A l’inverse, d’autres sénateurs plaident pour un procès plus long, qui pourrait parasiter la primaire démocrate. Les sénateurs candidats, comme Bernie Sanders ou Elizabeth Warren, seraient alors contraints de siéger à Washington plutôt que faire campagne dans l’Iowa ou le New Hampshire, premiers Etats à voter en février. « Les sénateurs seraient bloqués ici six jours par semaine », glisse au Los Angeles Times le sénateur Kevin Cramer. Ces derniers ont en effet assuré qu’ils exerceraient leur devoir de parlementaire. « C’est une responsabilité constitutionnelle. J’ai juré de respecter la Constitution des États-Unis d’Amérique », a déclaré Elizabeth Warren. Si elle a « évidemment » conscience de l’impact de cette procédure sur sa campagne, Kamala Harris confirme elle aussi qu’elle « assumera sa responsabilité ».
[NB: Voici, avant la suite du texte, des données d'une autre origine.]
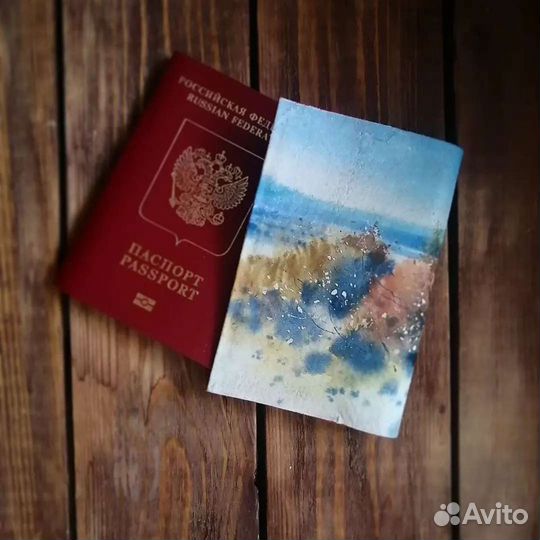 Кожаные обложки для паспорта ручной работы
Reste à savoir quelle option aura les faveurs de Donald Trump. Le président américain, d’humeur changeante, n’aurait pas arrêté sa stratégie, selon le New York Times. Maître de conférences et spécialiste de la politique américaine, Jean-Eric Branaa ne croit pas à l’hypothèse d’un procès long. « Donald Trump n’a aucun intérêt à ce que les choses traînent. Il a intérêt à ce que les démocrates se disputent lors de la primaire. Une procédure longue qui retiendrait les deux candidats progressistes (Elizabeth Warren et Bernie Sanders) à Washington serait un boulevard pour Joe Biden. Pour Trump, le meilleur scénario est d’être innocenté rapidement pour afficher son label innocent dans sa campagne. » « Quelle que soit la durée de la procédure d’impeachment, Trump tentera de la tourner à son avantage », complète Marie-Cécile Naves 

La question du calendrier n’est pas la seule. Les sénateurs républicains devraient être offensifs lors des débats et contre-attaquer. Le choix des témoins auditionnés sera à cet égard déterminant. « Nous nous attendons à entendre enfin des témoins qui ont réellement été témoins et ont peut-être pris part à la corruption – comme Adam Schiff, Joe Biden, (son fils) Hunter Biden et le soi-disant lanceur d’alerte, entre autres », affirmait en novembre un communiqué de la présidence américaine. L’idée est de détourner l’attention médiatique en se focalisant sur le candidat démocrate. Pour sa défense, Donald Trump évoque en effet la nécessité d’enquêter sur Joe Biden, accusé sans preuve d’être intervenu pour protéger son fils Hunter dans ses activités professionnelles en Ukraine. « Ils vont demander l’audition de Joe Biden et tenter de le salir », prédit Jean-Eric Branaa. La bataille politique est loin d’être terminée.